- Original film poster
- Directed by: William Beaudine
- Written by: Martin Mooney (story & screenplay)
- Produced by: Jed Buell
- Starring: Forrest Tucker; Carol Hughes; Evelyn Brent;
- Cinematography: Jack Greenhalgh
- Edited by: Robert O. Crandall
- Music by: Lew Porter
- Production company: Producers Releasing Corporation
- Distributed by: Producers Releasing Corporation
- Release date: May 9, 1941;
- Running time: 64 minutes
- Country: United States
- Language: English

= Emergency Landing (1941 film) =

1941 film by William Beaudine

Emergency Landing (a.k.a. Robot Pilot) is a 1941 American aviation spy-fi romantic screwball comedy film directed by William Beaudine. The film stars Forrest Tucker in his second film and in his first leading role with co-stars Carol Hughes and Evelyn Brent. Emergency Landing features much-mismatched stock footage of various types of aircraft.

==Plot==
Arizona inventor "Doc" Williams (Emmett Vogan) has invented a wireless remote control that can pilot an aircraft. Despite his efforts and those of his friend, pilot Jerry Barton (Forrest Tucker), they can not interest anyone in the invention. Barton has found a job as a test pilot for a millionaire named George Lambert (William Halligan) with his own aircraft company. When Doc brings a model of his invention, the two send their model aircraft to buzz Lambert on the golf course. Lambert is fascinated and arranges a test, but his daughter Betty is not, especially when the model lands in a puddle and drenches her.

When the time comes for a test of the device installed in a real aircraft, Jerry takes the aircraft up and switches to a remote control. United States Army Air Forces observers are skeptical that Jerry is flying the aircraft himself so Jerry parachutes out of the aircraft. The device, however, is not perfected and the aircraft crashes. The event is observed by foreign agents working undercover at Lambert Aircraft. Doc and Jerry return in failure to Arizona to perfect the device.

At the same time Betty announces she wishes to go to Hollywood, with her Aunt Maude. When their vehicle runs out of gas near Indian Springs, Arizona, the girls decide to steal fuel from an airport beacon but are caught by Jerry who tows their car to Doc's house. As Jerry is a local Federal Aviation Administration official, he has the authority to arrest the girls until Judge Gildersleeve comes. The girls hear tales of his imaginary severe sentences. Jerry telegraphs George Lambert about what they have done and asks his permission to teach the haughty Betty a lesson. The girls have to do housework but Maude later overhears the boys' scheme and wins them over by saying it is a great idea as Betty, spoiled since childhood, needs a comeuppance.

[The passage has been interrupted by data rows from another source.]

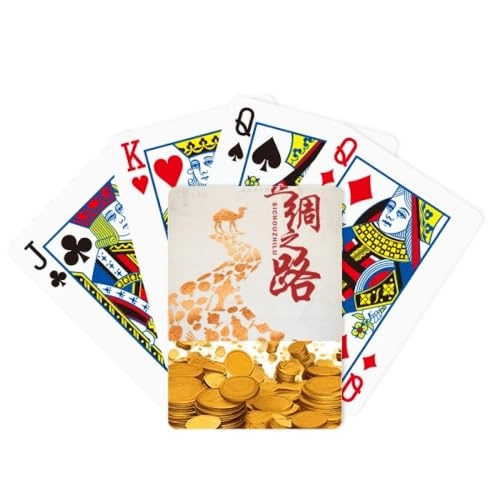 Camel Desert Journey Silk Road Map - Safe and quality paper Bridge Size ( 5.7 x 8.8cm / 2.2 x 3.5 inch)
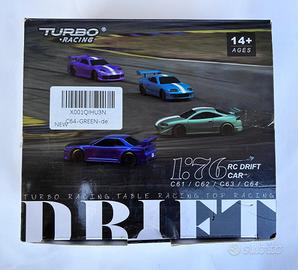 Turbo Racing C64 Green 1:76 RC Drift Car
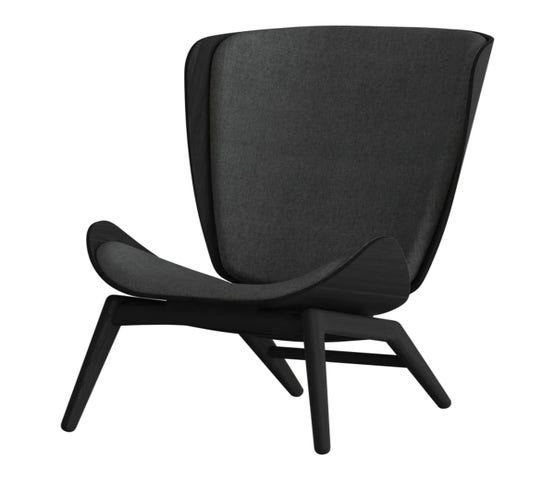 The Reader zwart houten fauteuil shadow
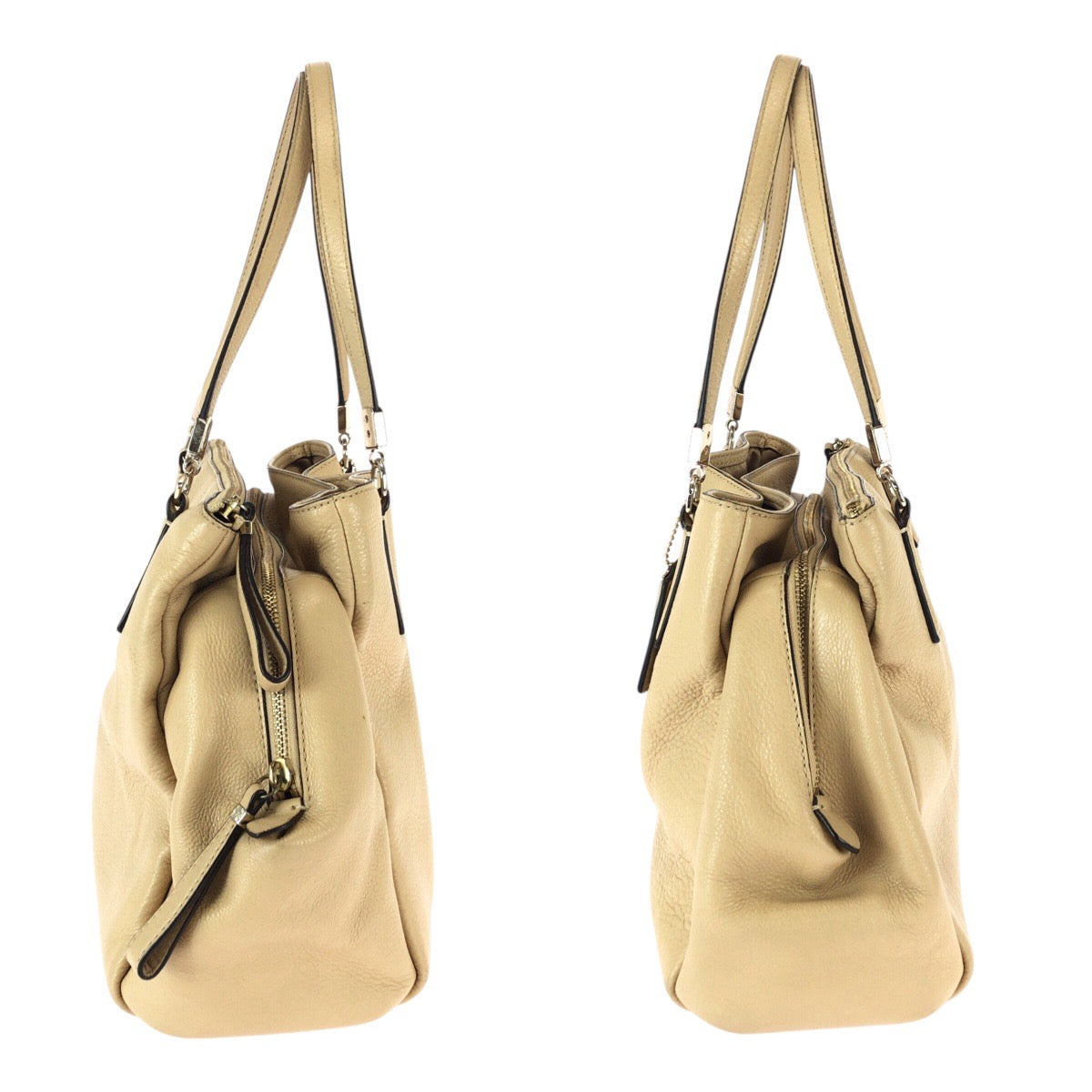 26472
COACH コーチ マディソン ベージュ ブラウン レザー L1380-27859 ショルダーバッグ トートバッグ レディース AB8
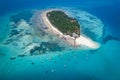 Aerial view of Prison island, Zanzibar Royalty Free Stock Photo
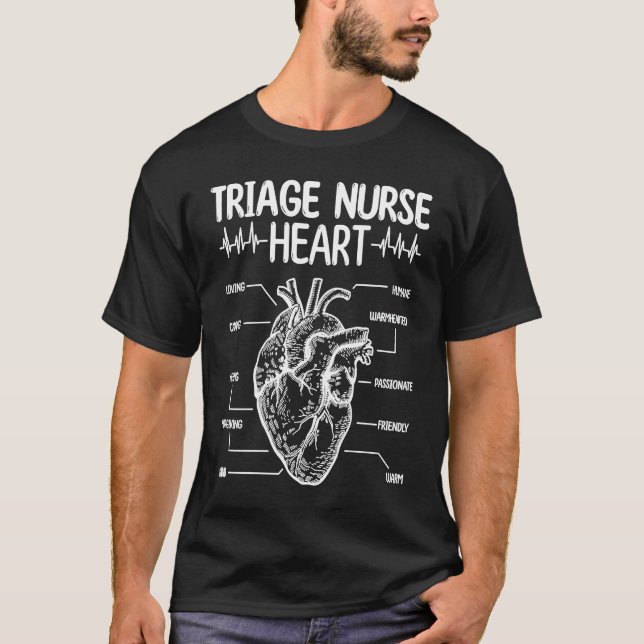 Triage Nurse Accessoires Triage Nursing Essentials T-Shirt (Vorderseite)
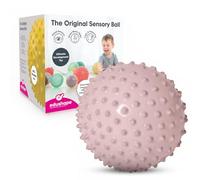 Edushape The Original Sensory Ball for Baby - 7" Boho Chic Pink Color Baby Ball That Helps Enhance Gross Motor Skills for Kids Aged 6 Months & Up - Vibrant, Colorful and Unique Toddler Ball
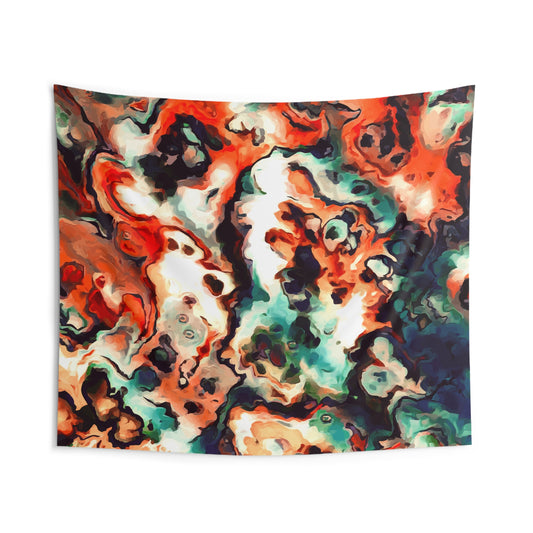 Glowing Ivory Stone - Indoor Wall Tapestry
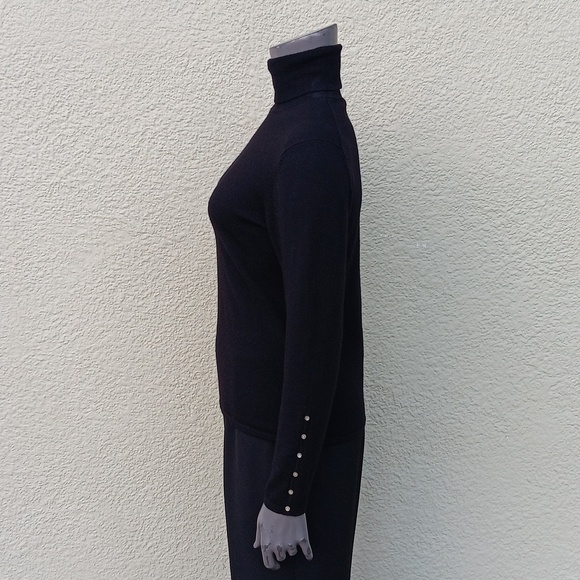 PURSUITS, LTD LADIES FINE ITALIAN PURE MERINO WOOLMARK WOOL TURTLENECK SWEATER - Picture 10 of 17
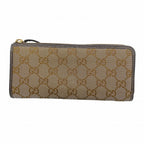 Gucci Wallet GG Canvas Brown Gold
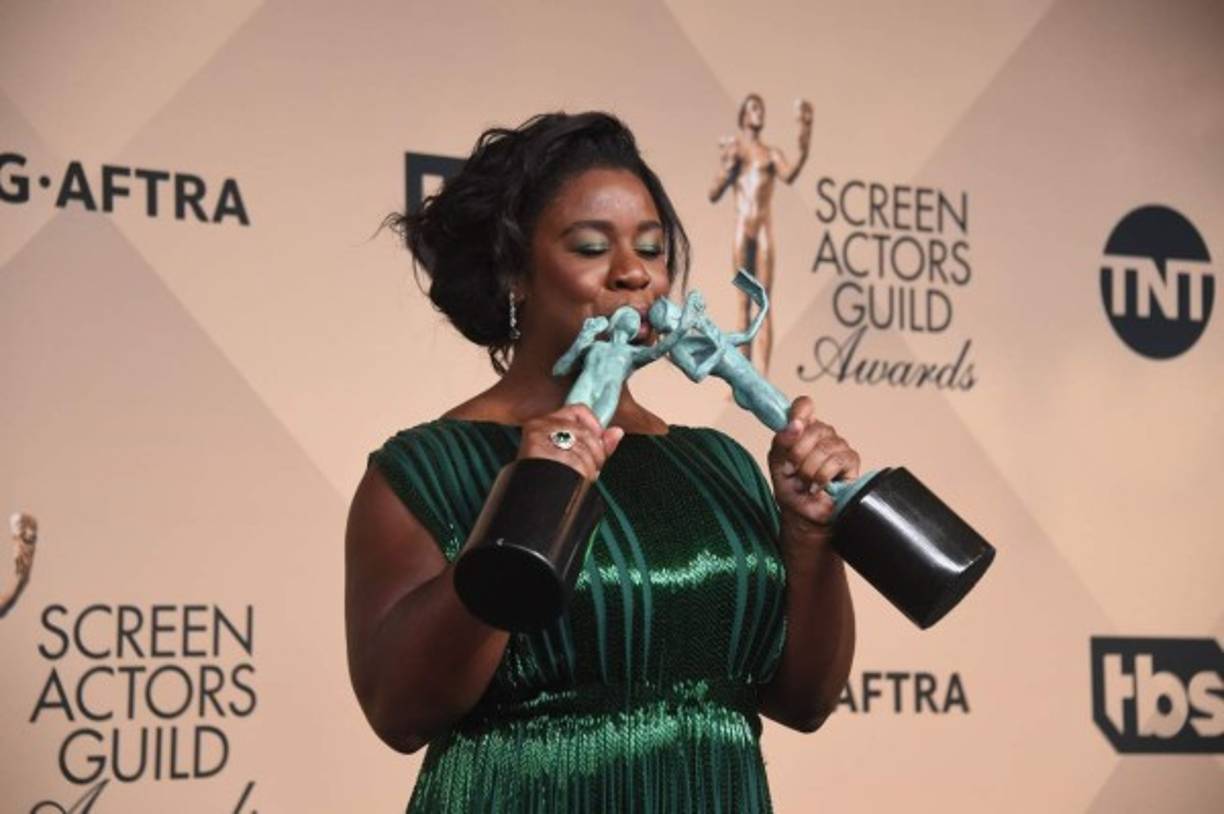 Uzo Aduba ganó por la serie Orange Is the New Black.<br/>
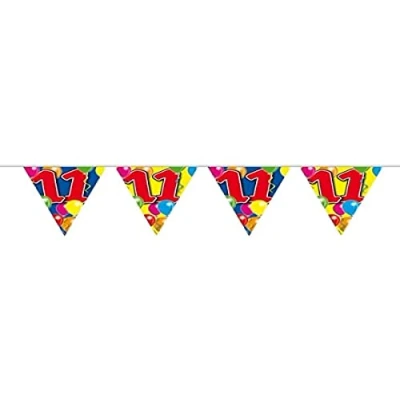 Image de Ligne de drapeau 11 ans double face
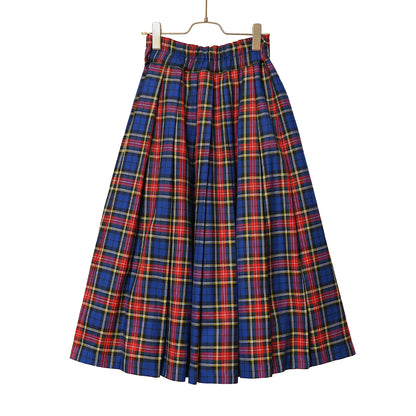 Ribbon tartan pleats skirt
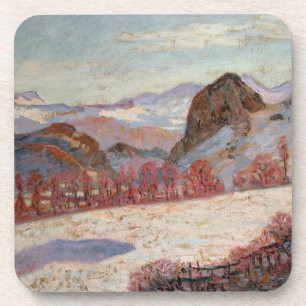 St. Sauves d'Auvergne, c.1900 (oil on panel) Coaster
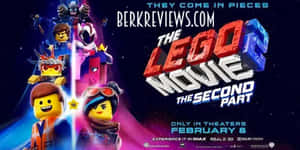 LEGO電影海報，角色在太空微笑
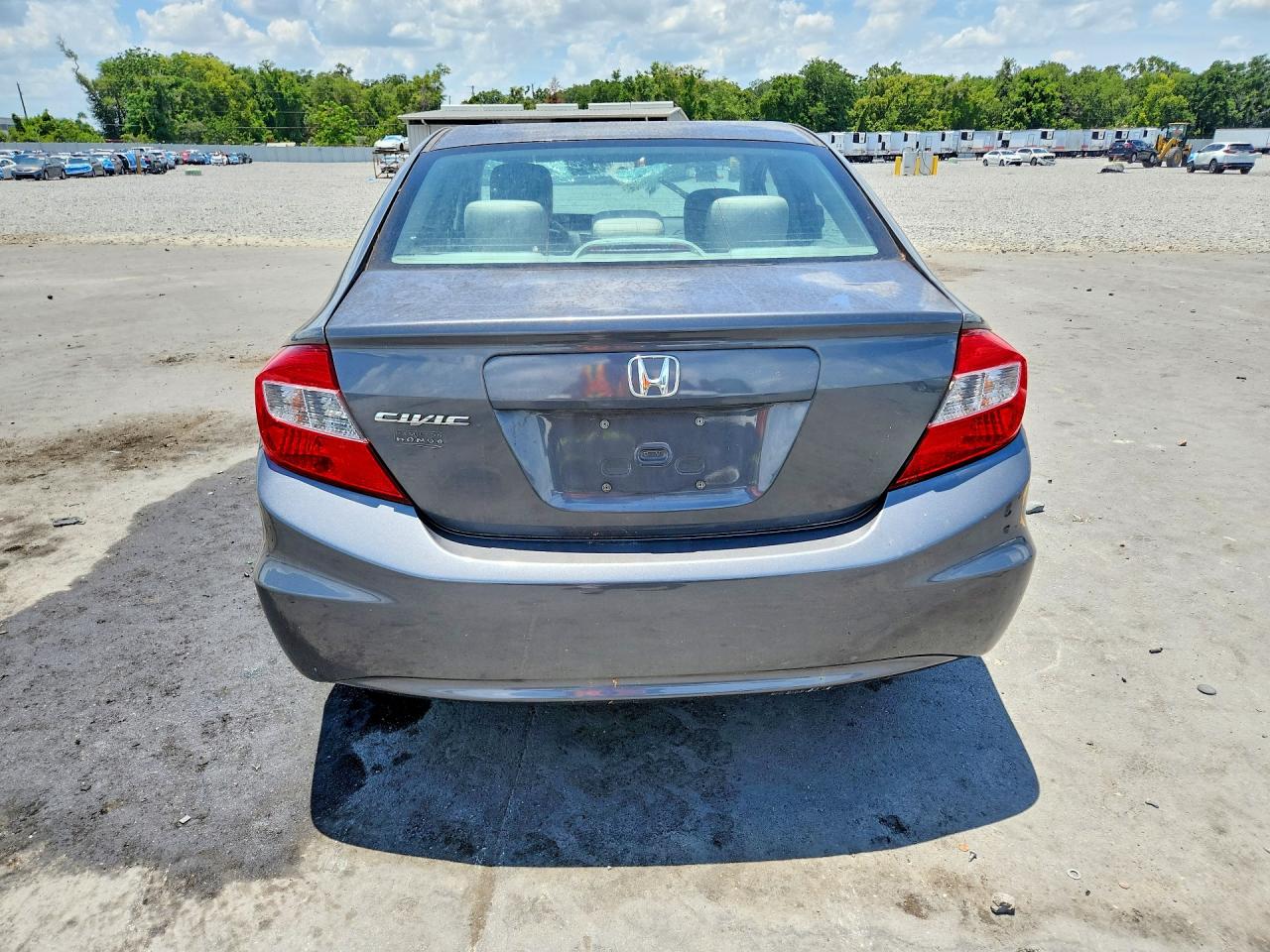 2012 Honda Civic Lx Серебряный vin: 19XFB2F5XCE314432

Meanwhile, the two enemy agents hijack a new Lambert-designed bomber being tested at Lambert Field. When the bomber crashes nearby with one agent (I. Stanford Jolley) surviving, he makes his way to Doc and Jerry's house, pretending he has been in an automobile accident. When Doc and Jerry learn the truth, the agent hijacks Doc's aircraft with the two girls as hostages. Doc's aircraft, however, has the remote control device installed that now works and Doc and Jerry are able to land the aircraft and capture the agent. The real Judge Gildersleeve (Billy Curtis), a midget, appears and fines the girls.

==Cast==

- Forrest Tucker as Jerry Barton
- Carol Hughes as Betty Lambert
- Evelyn Brent as Maude Marshall
- Emmett Vogan as "Doc" Williams
- William Halligan as George B. Lambert
- George Sherwood as Jones
- Joaquin Edwards as Pedro
- I. Stanford Jolley as Karl
- Stanley Price as Otto
- Jack Lescoulie as Captain North
- Paul Scott as Colonel Lemon
- Billy Curtis as Judge Gildersleeve

==Production==

A Lockheed Model 14 Super Electra stood in for the "Lambert Bomber X291" in Emergency Landing.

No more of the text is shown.